Ron Kujawski: Tips for tackling peak pea picking
Listen up, pea pickers! Pea picking is peaking, just in time for the traditional New England Fourth of July feast of salmon, peas and new potatoes.
As any expert pea picker knows, pea pods need to be picked promptly, at least every other day to get the most tender and sweetest peas. Otherwise, they get to be what my family calls "bowling balls." Though almost flavorless, bowling balls can be used in stews and soups.
Some pea pickers can be picky. My wife insists that I start picking each row of peas from the opposite end from where I started the previous time.

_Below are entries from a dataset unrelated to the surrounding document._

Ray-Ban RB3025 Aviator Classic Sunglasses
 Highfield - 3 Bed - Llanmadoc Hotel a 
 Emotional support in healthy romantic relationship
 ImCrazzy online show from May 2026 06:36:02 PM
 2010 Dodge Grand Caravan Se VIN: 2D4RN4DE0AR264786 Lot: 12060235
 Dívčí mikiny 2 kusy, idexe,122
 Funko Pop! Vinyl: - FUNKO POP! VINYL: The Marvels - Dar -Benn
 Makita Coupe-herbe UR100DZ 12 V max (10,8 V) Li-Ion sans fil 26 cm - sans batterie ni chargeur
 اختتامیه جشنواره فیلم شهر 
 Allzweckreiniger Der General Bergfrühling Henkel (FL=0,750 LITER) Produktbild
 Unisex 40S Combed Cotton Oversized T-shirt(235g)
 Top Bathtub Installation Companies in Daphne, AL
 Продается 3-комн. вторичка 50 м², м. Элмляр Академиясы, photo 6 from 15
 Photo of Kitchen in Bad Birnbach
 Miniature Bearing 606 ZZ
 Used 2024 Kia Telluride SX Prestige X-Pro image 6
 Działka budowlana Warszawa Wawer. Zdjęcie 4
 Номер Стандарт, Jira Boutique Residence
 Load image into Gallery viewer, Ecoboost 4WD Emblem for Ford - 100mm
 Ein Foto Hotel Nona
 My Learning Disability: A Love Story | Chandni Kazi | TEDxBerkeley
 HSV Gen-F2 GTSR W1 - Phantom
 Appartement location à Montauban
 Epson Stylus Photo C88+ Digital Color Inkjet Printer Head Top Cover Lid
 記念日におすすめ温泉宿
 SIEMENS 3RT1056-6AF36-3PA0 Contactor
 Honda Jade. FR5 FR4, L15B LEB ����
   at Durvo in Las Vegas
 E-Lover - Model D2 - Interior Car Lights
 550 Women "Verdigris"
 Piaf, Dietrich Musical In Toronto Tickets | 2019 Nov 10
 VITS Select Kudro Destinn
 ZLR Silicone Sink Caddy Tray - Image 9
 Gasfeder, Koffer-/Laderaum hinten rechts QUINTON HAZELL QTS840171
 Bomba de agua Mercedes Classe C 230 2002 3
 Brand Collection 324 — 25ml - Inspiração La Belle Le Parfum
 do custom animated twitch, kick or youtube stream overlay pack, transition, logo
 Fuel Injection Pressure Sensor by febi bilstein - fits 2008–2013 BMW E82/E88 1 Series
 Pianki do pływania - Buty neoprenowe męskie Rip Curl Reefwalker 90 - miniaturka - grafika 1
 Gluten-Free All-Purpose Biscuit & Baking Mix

Since we have long rows of peas, it is her contention that by time I get to the end of a row I lose focus and overlook pea pods in their prime. Picky, picky, picky!
The other accompaniment for the feast on the Fourth is new potatoes. These are simply small, immature and thin-skinned potatoes. The trick to getting new potatoes is knowing when to dig. With some potato varieties, new potatoes start to form when the plants begin to flower. This is true for early varieties such as "Red Norland," my standard for new potatoes. However, some potato varieties do not flower or flower very late. As a rule, new potatoes on these can be dug about 65-70 days after planting.
Don't dig up entire plants when harvesting new potatoes. Carefully use your hand to probe soil under each plant for the small spuds. Since new potatoes don't keep well in captivity -- uh, in storage -- dig up only what you'll need for a meal that day or the next. Leaving the plant intact will allow the remaining potatoes to be harvested later in the season when fully mature and ready for storage.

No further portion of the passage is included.